In the beginning, the biggest buyers of co-reg were largely mailers. They purchased records for a certain amount and then looked to make it up via email. That evolved into more “dynamic co-registration,” basically forms within the survey path. Click yes, and the page expands looking for additional information. The holy grail of co-reg is, was, and always will be to some extent, branded buyers of data who will overpay or even underpay but don’t have any sort of performance metric. More recently, the world of co-reg has become the playground of the call verified space. Their ads look and read like many of the other more traditional offers, except instead of emailing as they might in the past or looking for additional information via the dynamic process, the data is shipped to call centers. There, a call center agent will look to connect with the person and “verify” the information that they entered. More often than not, in addition to simply verifying the data, they are selling the data. The record has shown an interest in an area, but not given enough information to become a full lead.

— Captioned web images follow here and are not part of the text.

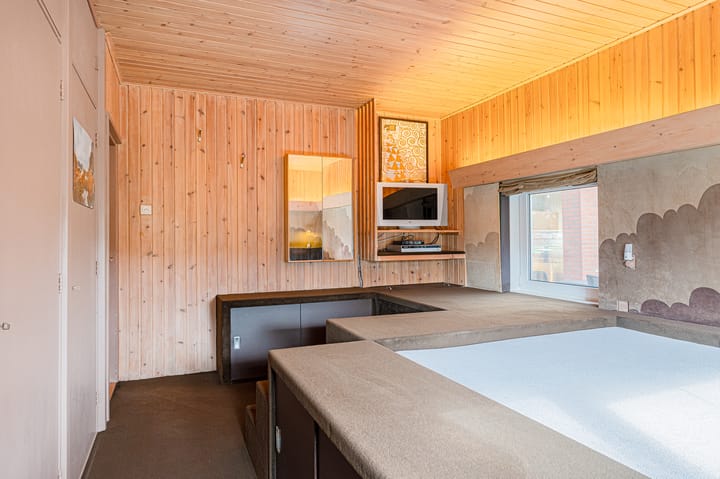 Foto 28 van Meraklaan 5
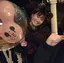 アオイのプロフィール画像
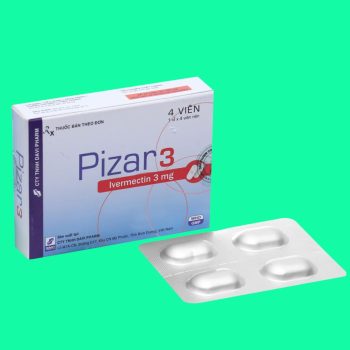 Pizar 3
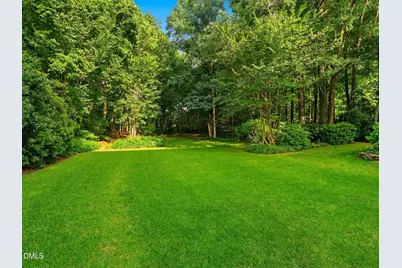 311 Schubauer Drive, Cary, NC 27513 - Photo 25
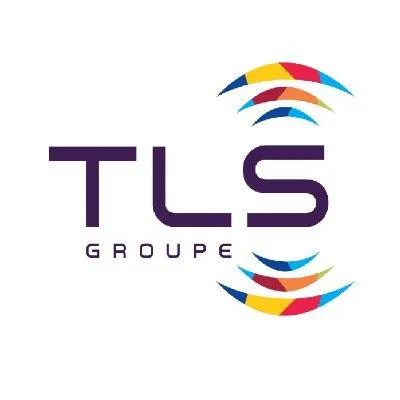 tlsgroupe.ma's icon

Stepping back, here’s how lead generation used to be.

In the “old” way, there was a landing page; the data was collected on that page and then sent a lead buyer. Traffic was driven to that landing page through any number of means, but after the fact, the process was pretty much the same. Fast forward to the new way.

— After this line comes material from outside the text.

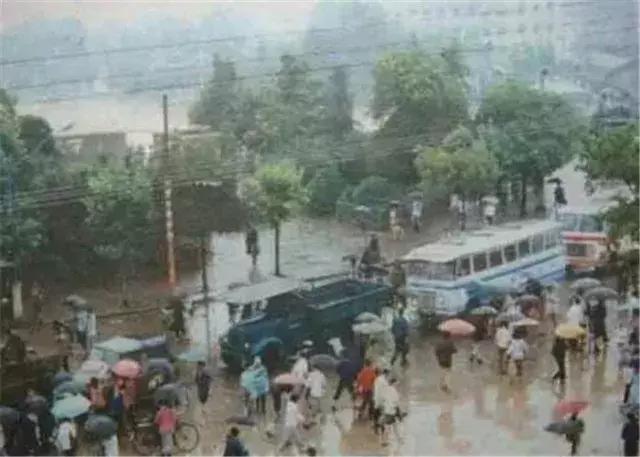 合肥人眼中的第一印象,合肥的第一印象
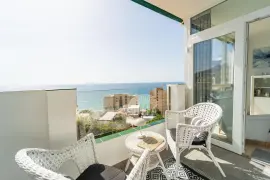Image 13 thumb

Even this is slightly simplified. It doesn’t show the survey path or the number of hoops a user goes through before becoming data. It doesn’t show the percentage of data that didn’t realize it was becoming data, e.g., the fake job sites. More telling though, would be looking at the buyers.

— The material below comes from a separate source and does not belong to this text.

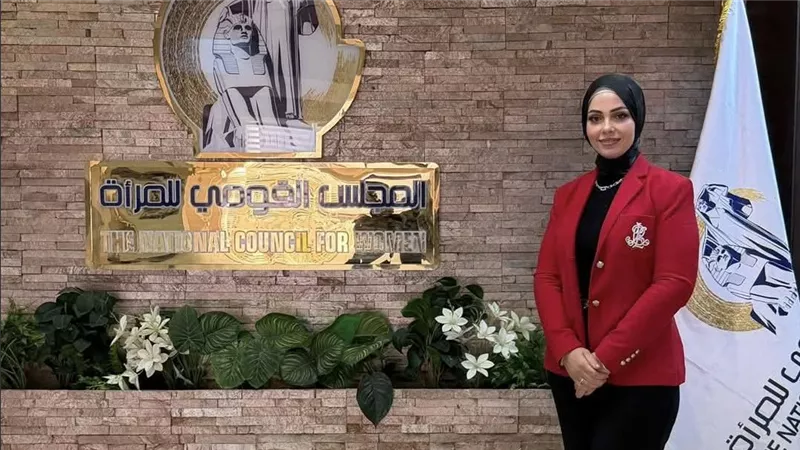 مؤسسة رزق تشارك في ندوة حول العنف الإلكتروني وتعزيز الحماية الرقمية للمرأة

Here we look at the interplay between the growth in volume of the call verified lead and the estimated level of understanding of that space by the buyers that receive the leads. While it seems there are only a handful of players that make up the co-reg volume, there are many more players who have been vying and finding ways to buy co-reg data to send to call centers. There are also complex data sharing relationships as well, making the call verified space hardly transparent. As an example, when a company says they do call verified, it’s not a question of whether they call the leads but the nature in which they get that data and what they say. The challenge now is really about the buyers and making sure there isn’t a backlash from them.

Unlike certain other methods, there isn’t anything inherently wrong with call verified. The potential scale has made it attractive. There are at least a dozen companies if not two dozen who generate more than $10mm per year. There are certain buyers who have certainly kept up. They understand the unique nature of call verified leads and could tell you the percentage of traffic they receive that is call verified. For this to continue, it’s up to the other buyers to do the same. As is the case with every traffic source, the biggest burden is on the sellers to keep it clean and sustainable. It’s no different than the rise of the flogs. There wasn’t anything inherently wrong with an online advertorial. It was only a problem with what it turned into and how those doing it engaged in a race to the bottom. What we don’t want to see here and what we saw there is external forces shaping the future of a channel. Given the track record to date, I’m not sure how optimistic I should be.